Data provided below:

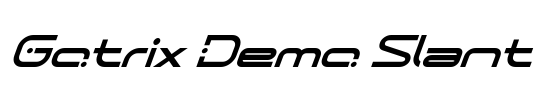 Gotrix Demo Slant Font Image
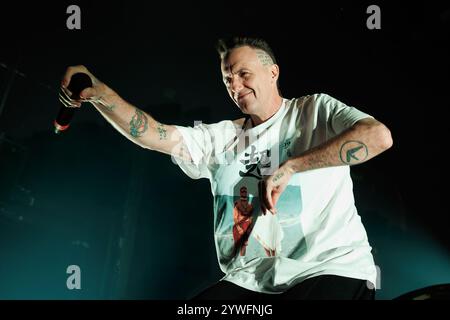 Barcelona, Spanien. April 2024. Die Antwoord (südafrikanische alternative Hip-Hop-Gruppe) tritt im Razzmatazz-Veranstaltungsort auf. Stockfoto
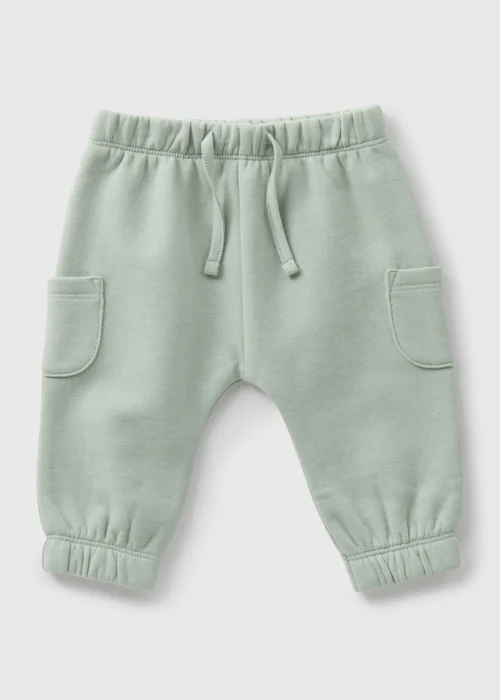 Baby Green Cargo Jogging Bottoms (Newborn-23mths) - 9-12 months Image 1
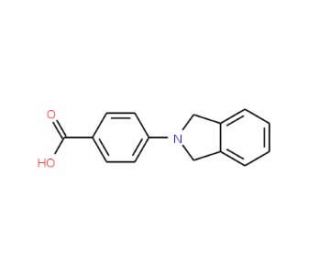 4-(1,3-Dihydro-isoindol-2-yl)-benzoic acid (CAS 329715-35-7) - chemical structure image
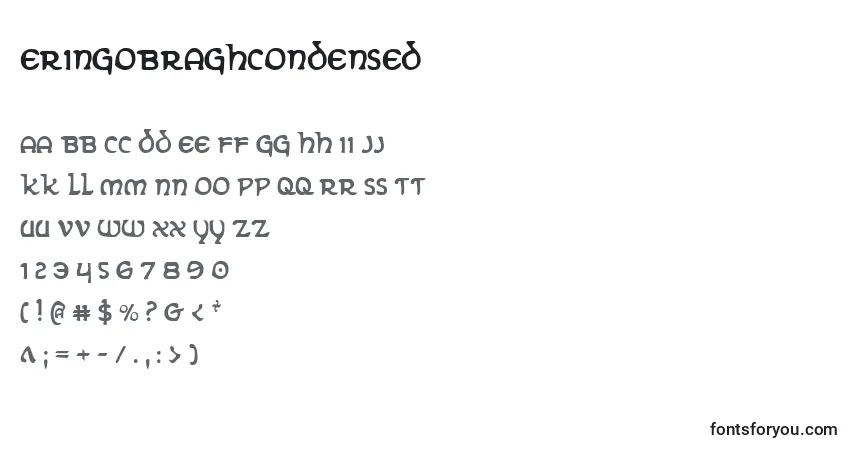 Шрифт ErinGoBraghCondensed – алфавит, цифры, специальные символы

End of Data provided.

Every entry must be transcribed exactly. Pictures do not belong in the copy.

 Gotrix Demo Slant Font Image
 Barcelona, Spanien. April 2024. Die Antwoord (südafrikanische alternative Hip-Hop-Gruppe) tritt im Razzmatazz-Veranstaltungsort auf. Stockfoto
 Baby Green Cargo Jogging Bottoms (Newborn-23mths) - 9-12 months Image 1
 4-(1,3-Dihydro-isoindol-2-yl)-benzoic acid (CAS 329715-35-7) - chemical structure image
 Шрифт ErinGoBraghCondensed – алфавит, цифры, специальные символы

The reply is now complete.